Haskell and Rank-N polymorphism

Question

What's exactly wrong about the following hypothetical Haskell code? When I compile it in my brain, it should output "1".

foo :: forall a. forall b. forall c. (a -> b) -> c -> Integer -> b
foo f x n = if n > 0 then f True else f x

bar :: forall a. a -> Integer
bar x = 1

main = do
     putStrLn (show (foo bar 1 2))

GHC complains:

$ ghc -XRankNTypes -XScopedTypeVariables poly.hs 

poly.hs:2:28:
     Couldn't match expected type `a' against inferred type `Bool'
       `a' is a rigid type variable bound by
           the type signature for `foo' at poly.hs:1:14
     In the first argument of `f', namely `True'
     In the expression: f True
     In the expression: if n > 0 then f True else f x

poly.hs:2:40:
     Couldn't match expected type `Bool' against inferred type `c'
       `c' is a rigid type variable bound by
            the type signature for `foo' at poly.hs:1:34
     In the first argument of `f', namely `x'
     In the expression: f x
     In the expression: if n > 0 then f True else f x

What does that mean? Isn't it valid Rank-N polymorphism? (Disclaimer: I'm absolutely not a Haskell programmer, but OCaml doesn't support such explicit type signatures.)

Answer 1

You're not actually using rank-N polymorphism in your code.

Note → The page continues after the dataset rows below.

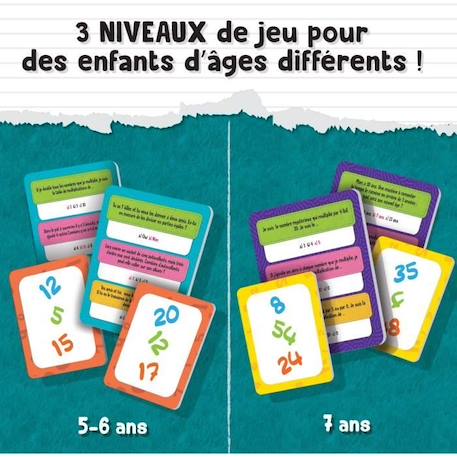 Génius Talent school - le jeu des multiplications et problèmes - s'adapte aux différents niveaux. - LISCIANI BLEU 4 - vertbaudet enfant 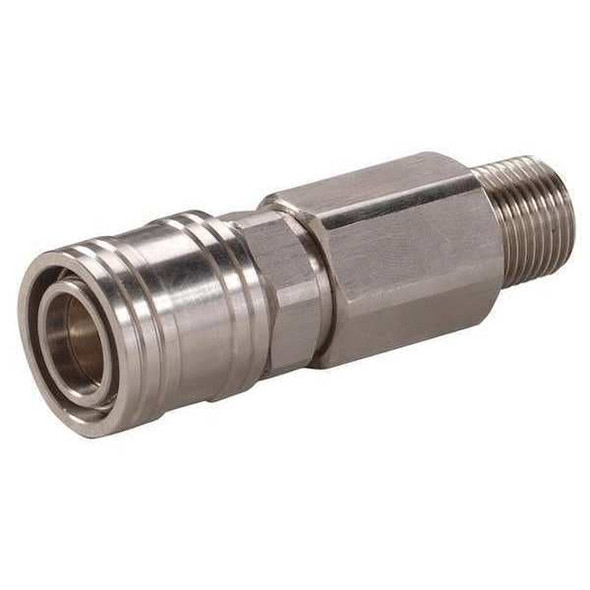 Speedaire Coupler Body,Hose Barb,1/4,304 SS 30E575
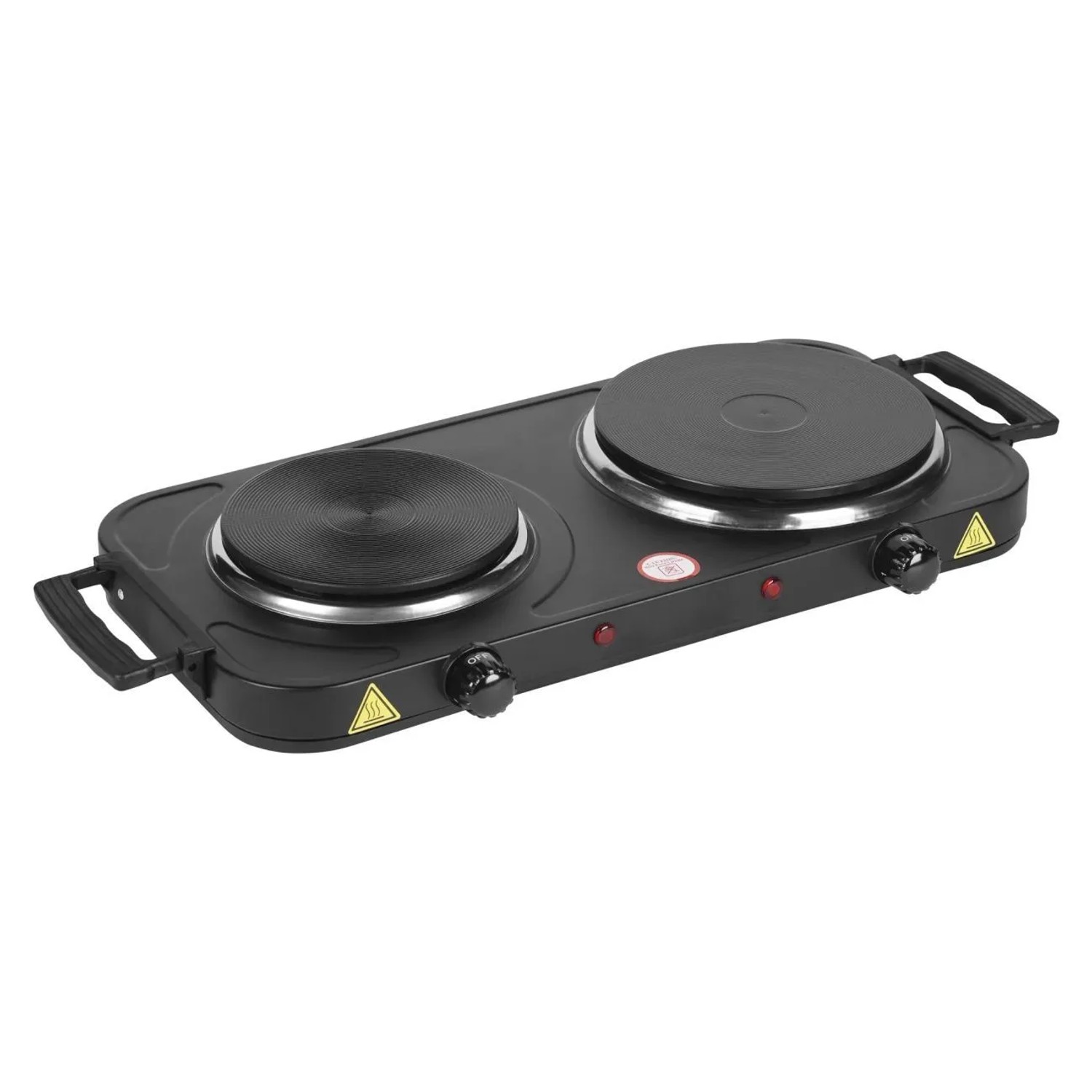 Westfalia Doppelkochplatte 2.000 Watt Schwarz 52 X 22 X 7 Cm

foo :: forall a. forall b. forall c. (a -> b) -> c -> Integer -> b

This is an ordinary rank-1 type. It reads: forall a,b and c this function can take a function of type a -> b, a value of type c and an Integer and return a value of type b. So it says that it can take a function of type Bool -> Integer or a function of type Integer -> Integer. It does not say that the function has to be polymorphic in its argument. To say that, you need to use:

foo :: forall b. forall c. (forall a. a -> b) -> c -> Integer -> b

Now you're saying that the type of the function needs to be forall a. a -> b, where b is fixed, but a is a newly introduced variable, so the function needs to be polymorphic in its argument.